Prime Minister Nikol Pashinian accused Armenia’s former rulers of trying to obstruct his anti-corruption efforts and spreading “fake news” when he addressed the UN General Assembly late on Wednesday.
“Our democratic transformation and zero tolerance policy against corruption are not without resistance from former corrupted elites,” Pashinian said in a speech. “Their vast financial resources are directed at escaping justice. Our government has not pursued a single case of redistribution of property.

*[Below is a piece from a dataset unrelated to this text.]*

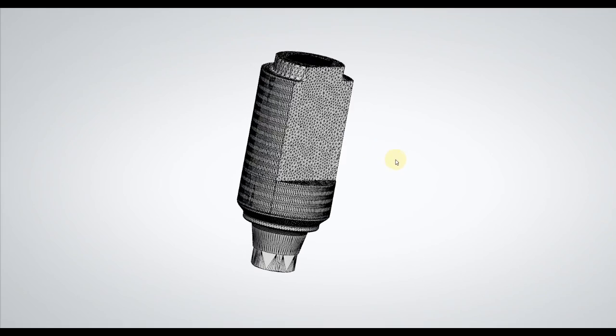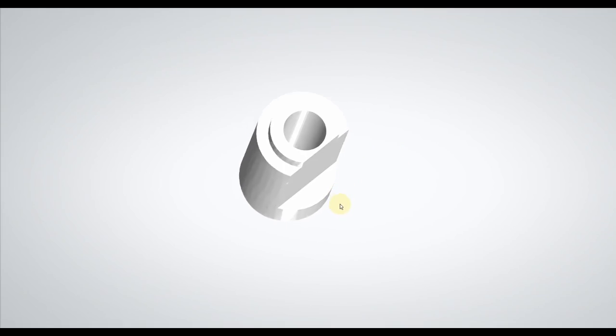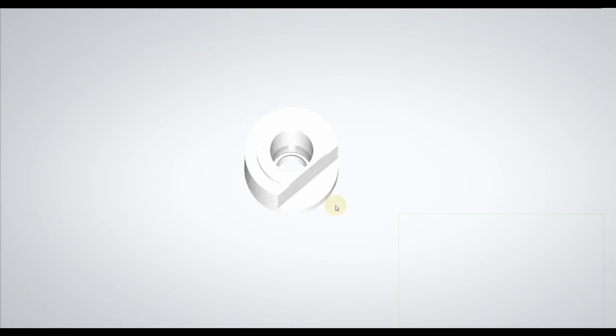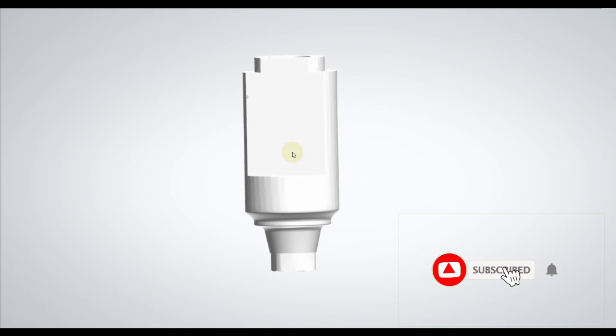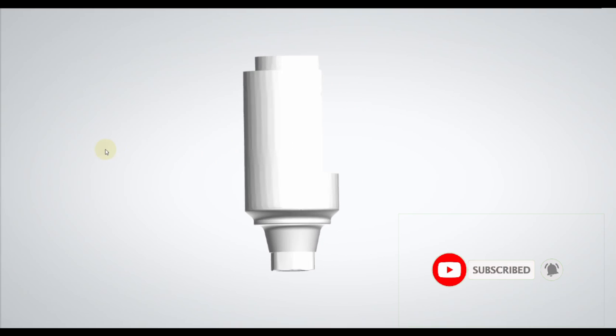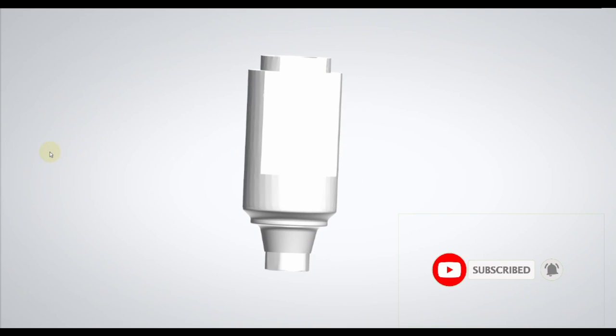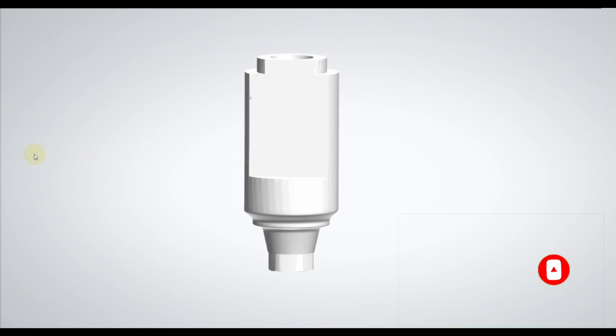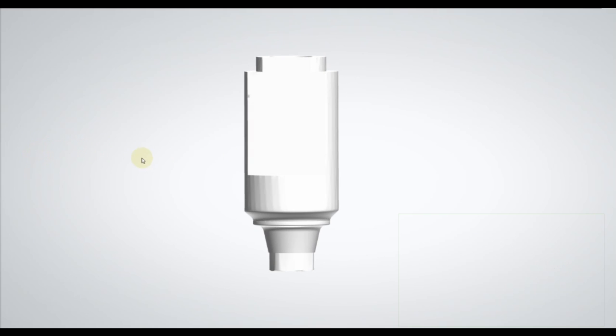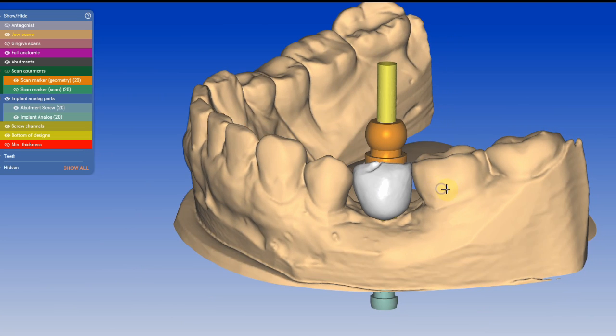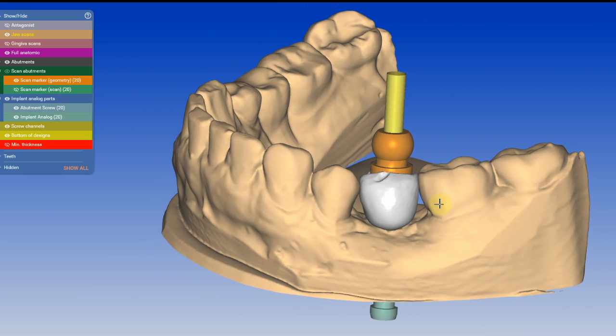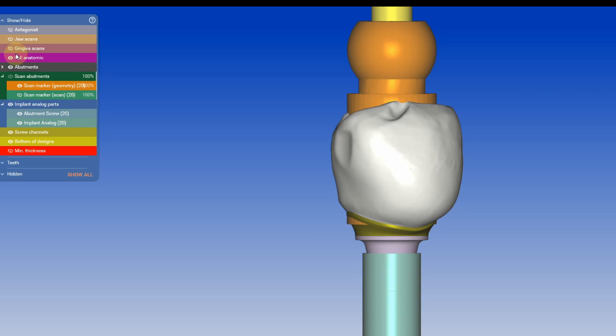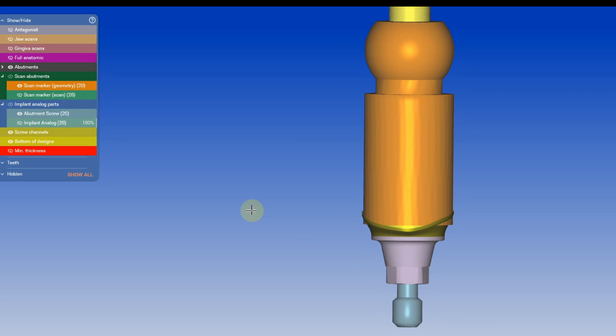Hi guys, welcome back to my channel. Today I'm going to show you how to create your own scan body that you can print. We're going to use and export all of the parts that are already available to you in ExoCAD.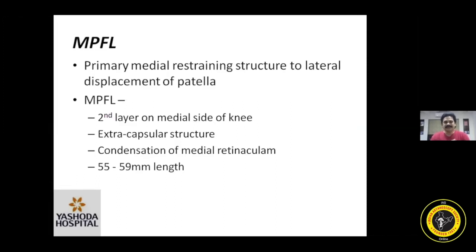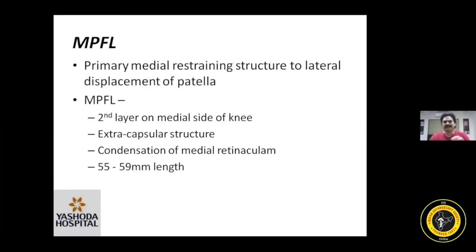One should know what is MPFL. A brief anatomy: it is present as an extra-capsular, extra-articular condensation of the medial retinaculum, of a length of around close to 6 centimeters, on the medial aspect of the knee joint, spanning between the medial femoral condyle to the medial surface of the patella. Its primary function is to restrain the lateral displacement of the patella in the flexed position of the knee joint.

At the same time our resolve to press with reforms and justice is unwavering.”
“Our mass media is completely free from government control or interference,” he went on. “However, some of them are not free from meddling and control from the same old circles of former government, fabricating fake news and spreading mistrust in the public about the origins and purposes of the Velvet Revolution.”
Meeting with Armenian Americans in New York earlier in the day, Pashinian pointed to several former officials, including a brother of former President Serzh Sarkisian, who have been charged with corruption since he swept to power in the April-May 2018 revolution.
Armen Ashotian, the deputy chairman of Sarkisian’s Republican Party of Armenia (HHK), denounced Pashinian on Thursday for bringing up domestic political issues at the UN body.
“Nikol is a rare leader who has used the UN rostrum for his internal political agenda,” said Ashotian. “For example, it didn’t occur to [U.S. President Donald] Trump to attack the Democrats who have launched impeachment proceedings against him.”
“I hope that another person will speak on behalf of our country at the UN next year,” he wrote on Facebook.
Ashotian and other HHK figures reacted in a similar fashion after Pashinian branded Sarkisian and his relatives a “professionally corrupt family” and said they “must return what they plundered” at a September 22 news conference in Los Angeles.
In the 30-minute UN speech, Pashinian also said that his government is committed to “advance democracy and reforms” but needs greater international assistance in that endeavor.
“We need to have access to international best practices to save time and resources,” he said. “We need to avoid the mistakes previously made by other democracies to make our democratic reforms more fruitful and efficient.”